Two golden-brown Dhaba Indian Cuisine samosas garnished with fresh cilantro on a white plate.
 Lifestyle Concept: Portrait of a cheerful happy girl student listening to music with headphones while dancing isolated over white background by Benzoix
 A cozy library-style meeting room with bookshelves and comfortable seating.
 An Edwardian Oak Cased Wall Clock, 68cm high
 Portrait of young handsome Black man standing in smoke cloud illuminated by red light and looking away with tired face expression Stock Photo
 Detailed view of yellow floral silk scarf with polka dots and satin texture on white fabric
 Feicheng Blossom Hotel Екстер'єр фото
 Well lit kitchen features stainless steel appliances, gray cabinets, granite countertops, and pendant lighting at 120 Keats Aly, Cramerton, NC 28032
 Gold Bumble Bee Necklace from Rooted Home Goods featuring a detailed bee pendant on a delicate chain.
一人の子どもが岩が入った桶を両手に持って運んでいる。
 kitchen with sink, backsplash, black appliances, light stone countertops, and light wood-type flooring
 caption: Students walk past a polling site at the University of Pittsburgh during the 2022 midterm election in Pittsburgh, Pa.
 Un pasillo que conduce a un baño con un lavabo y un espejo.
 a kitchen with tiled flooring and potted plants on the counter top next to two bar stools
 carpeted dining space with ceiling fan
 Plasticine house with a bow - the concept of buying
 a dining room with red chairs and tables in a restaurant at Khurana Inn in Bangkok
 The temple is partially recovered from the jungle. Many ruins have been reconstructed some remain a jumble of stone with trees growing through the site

++++++

> _Your goal_: From the data above, output exactly the lines between the one containing "Lifestyle Concept: Portrait" and the one containing "Well lit kitchen", counting both of them.

> _Answer below_:
 Lifestyle Concept: Portrait of a cheerful happy girl student listening to music with headphones while dancing isolated over white background by Benzoix
 A cozy library-style meeting room with bookshelves and comfortable seating.
 An Edwardian Oak Cased Wall Clock, 68cm high
 Portrait of young handsome Black man standing in smoke cloud illuminated by red light and looking away with tired face expression Stock Photo
 Detailed view of yellow floral silk scarf with polka dots and satin texture on white fabric
 Feicheng Blossom Hotel Екстер'єр фото
 Well lit kitchen features stainless steel appliances, gray cabinets, granite countertops, and pendant lighting at 120 Keats Aly, Cramerton, NC 28032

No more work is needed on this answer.